### Supplied material
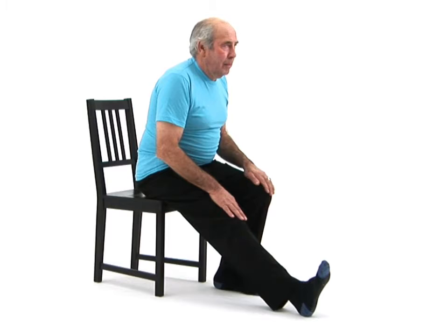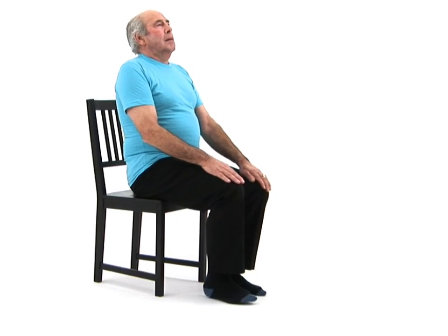Once you feel a comfortable stretch, hold the position and breathe normally. You should feel the stretch down the back of your straight leg. To come out of the stretch safely, slowly raise your body back upright and return to your starting position.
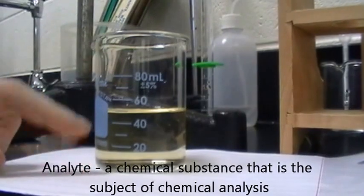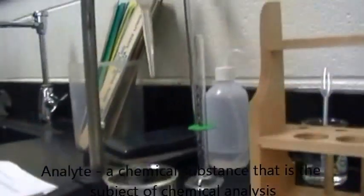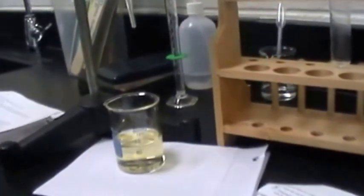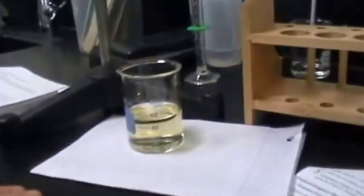Analyte. So after each drop we're going to measure the pH in our lovely chart, and we have our nice pH meter right here. That way we can record the pH of this analyte when it is neutralized, when it changes color. I think that covers everything.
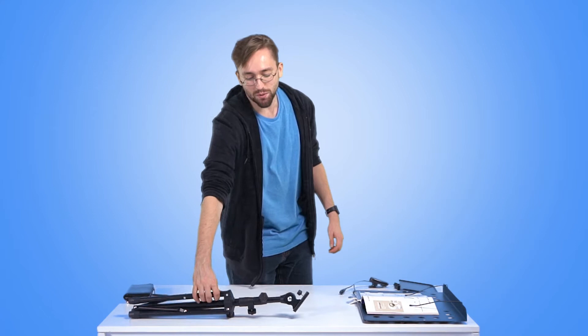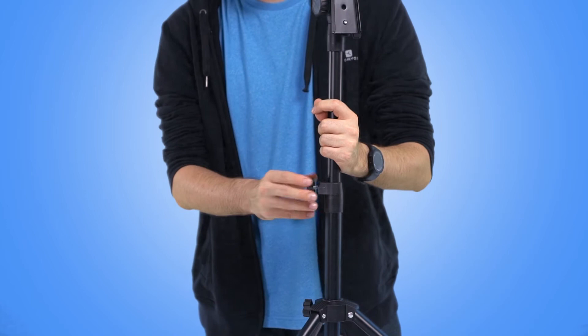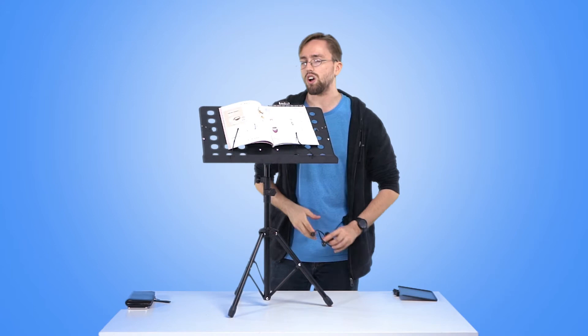Hello. Here we have a music stand. Very strong alloy, so it's very durable.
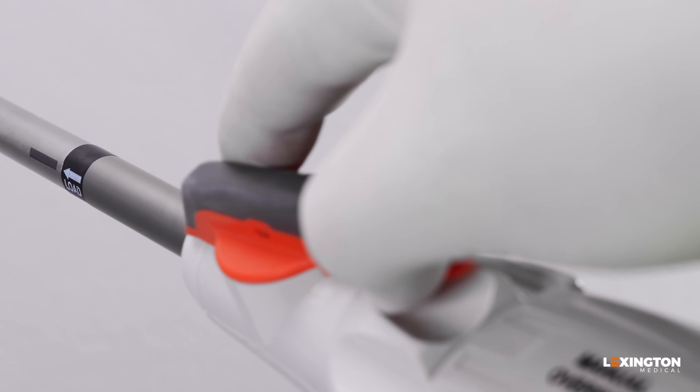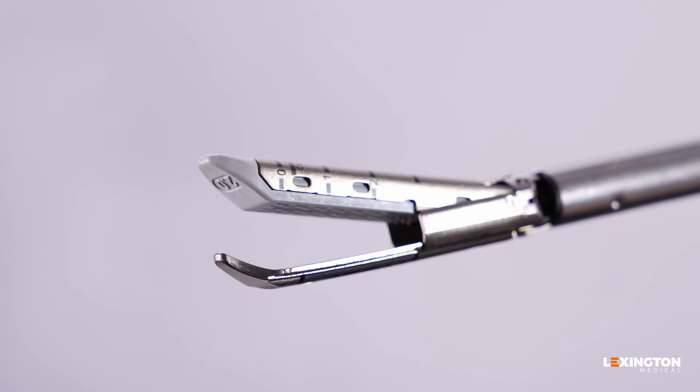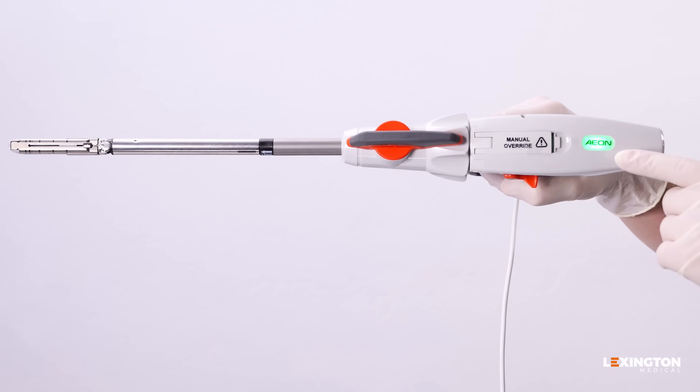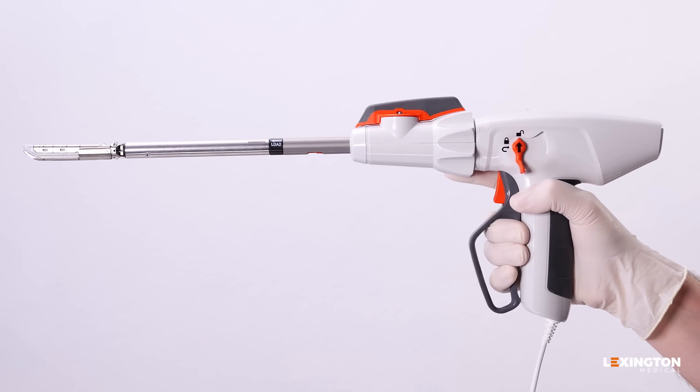With smooth, precise articulation, Aeon empowers surgeons to get the exact angle they need, even in the tightest spaces. Featuring intuitive, user-friendly controls, Aeon simplifies the surgical stapling process.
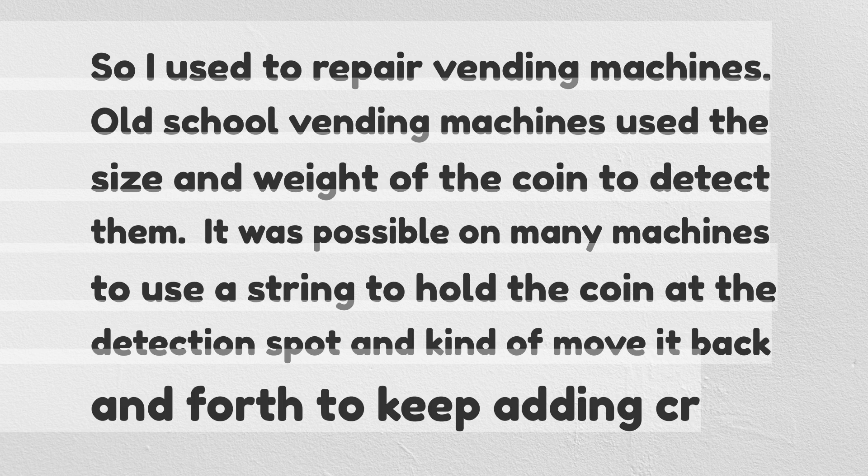So I used to repair vending machines. Old school vending machines used the size and weight of the coin to detect them. It was possible on many machines to use a string to hold the coin at the detection spot and kind of move it back and forth to keep adding credit.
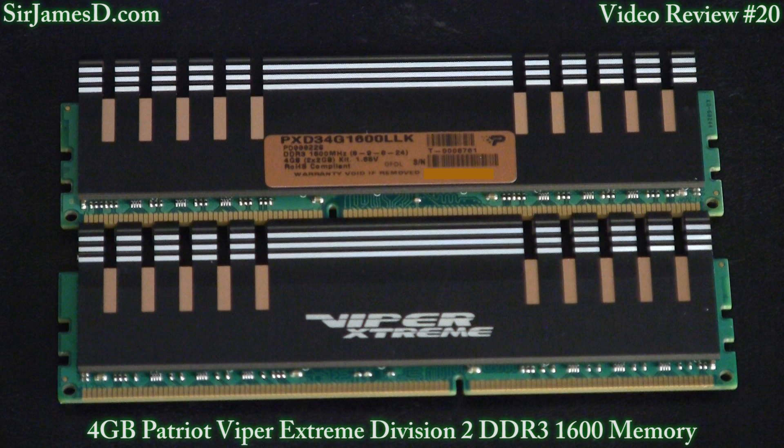Alright, benchmarks I conducted are Aida64 — which used to be Everest — read, write, copy, and latency. And then I ran the WinRAR benchmark. Many people don't know it, but there's a benchmark built into WinRAR. And then I also ran SuperPi 32M. So here's the results for you.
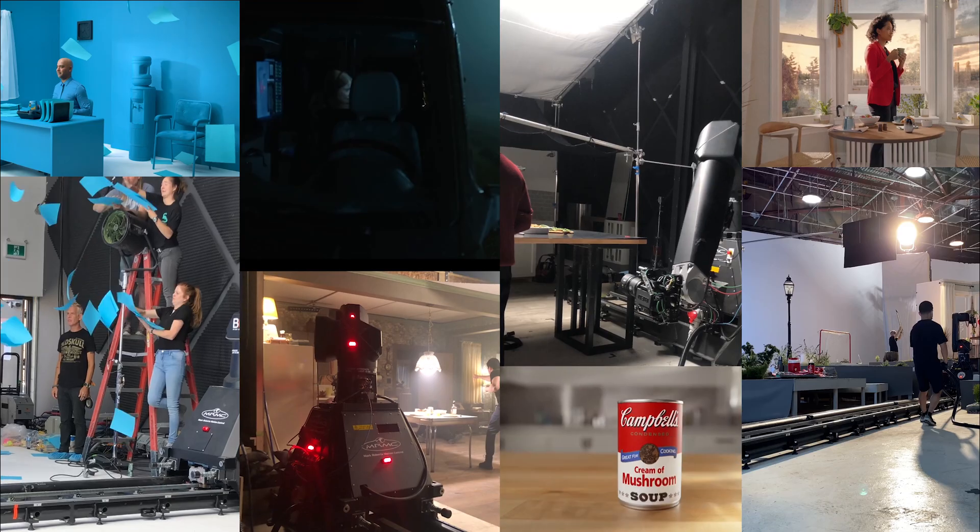Hello, my name is David DeVere, and I am a motion control robot operator, among other things. Specifically, I operate the Mark Roberts Bolt and the Milo. I've been on many shows and a whole heck of a lot of commercials, and I would say I'm fairly experienced at programming these robots.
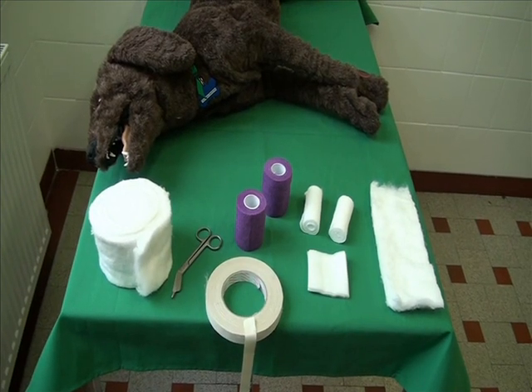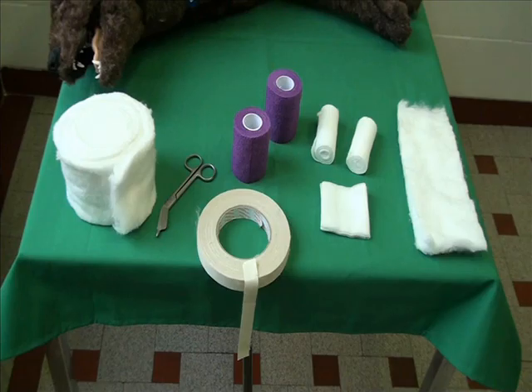A paw is shown on the model. You will need dressing scissors, swabs, cotton wool for padding, self-adhesive elastic bandages, gauze and tape. A plaster strip has already been prepared.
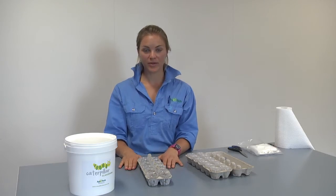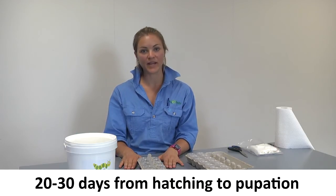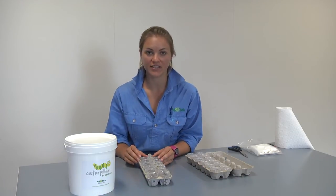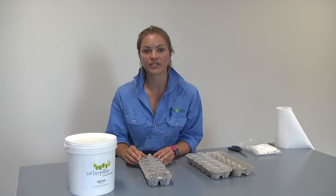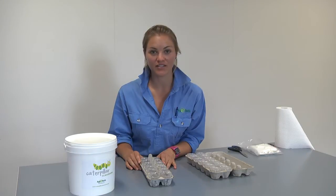During the warmer months the caterpillars take between 20 to 30 days to pupate and may take longer in winter. The caterpillar has everything it needs inside the cup in terms of food and moisture from the diet that you originally placed in the cup. As a larva reaches full size it will begin to pupate.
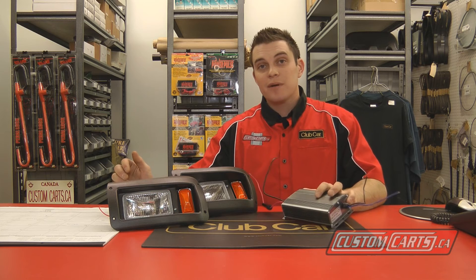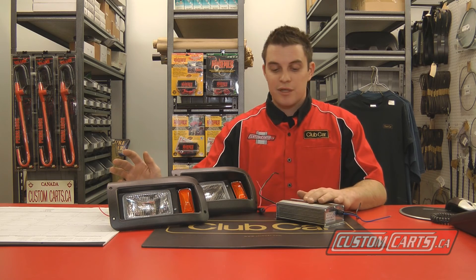I hope that this brings some insight when purchasing your voltage reducer, because there are going to be some considerations for maybe further upgrades in the future, or if you're just going to run headlights. Hope this video helps.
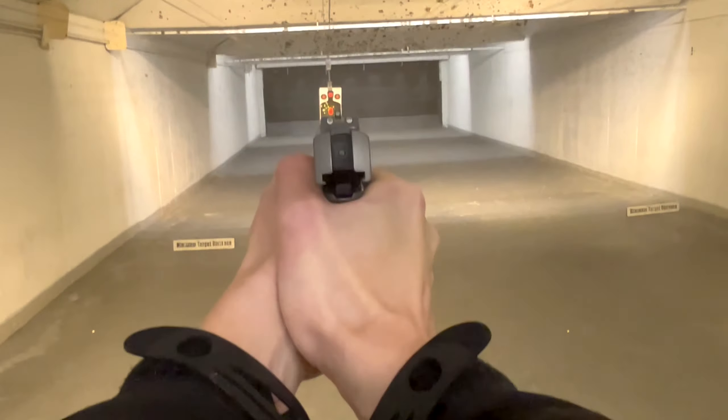147s. These feel like more of a push than a snap. I'm able to bring the gun down a little bit quicker back on target.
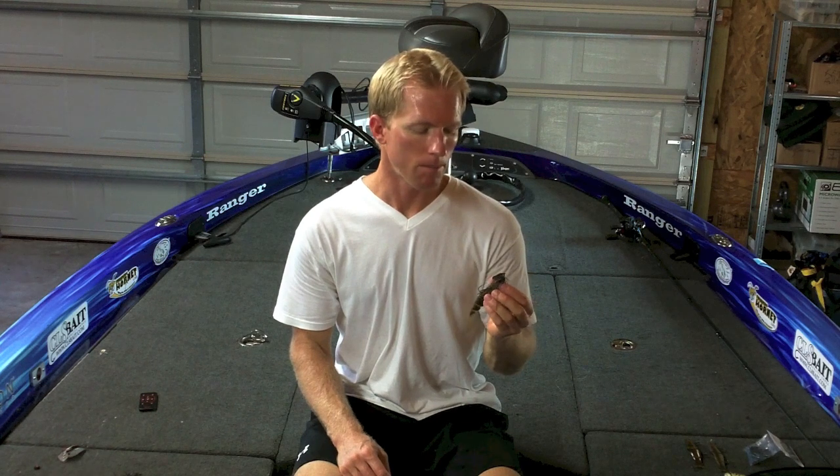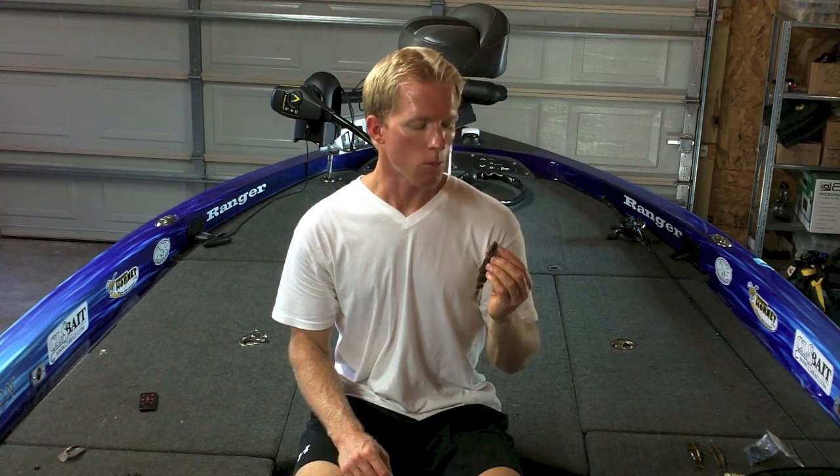The first one is a bladed vibrating jig. This has been out for several years now, but it's really gained a lot of popularity recently, the past few years. If there's one crucial tip I can give you about this bait, it's that you need to experiment with the different types of trailers you can throw on it.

### Problem requirements
Every line from the one with "So I used to" through the one with "During the warmer" is to be reproduced exactly as written above, and the pictures are to be dropped.

### Answer for this exercise
So I used to repair vending machines. Old school vending machines used the size and weight of the coin to detect them. It was possible on many machines to use a string to hold the coin at the detection spot and kind of move it back and forth to keep adding credit.
Alright, benchmarks I conducted are Aida64 — which used to be Everest — read, write, copy, and latency. And then I ran the WinRAR benchmark. Many people don't know it, but there's a benchmark built into WinRAR. And then I also ran SuperPi 32M. So here's the results for you.
Hello, my name is David DeVere, and I am a motion control robot operator, among other things. Specifically, I operate the Mark Roberts Bolt and the Milo. I've been on many shows and a whole heck of a lot of commercials, and I would say I'm fairly experienced at programming these robots.
A paw is shown on the model. You will need dressing scissors, swabs, cotton wool for padding, self-adhesive elastic bandages, gauze and tape. A plaster strip has already been prepared.
During the warmer months the caterpillars take between 20 to 30 days to pupate and may take longer in winter. The caterpillar has everything it needs inside the cup in terms of food and moisture from the diet that you originally placed in the cup. As a larva reaches full size it will begin to pupate.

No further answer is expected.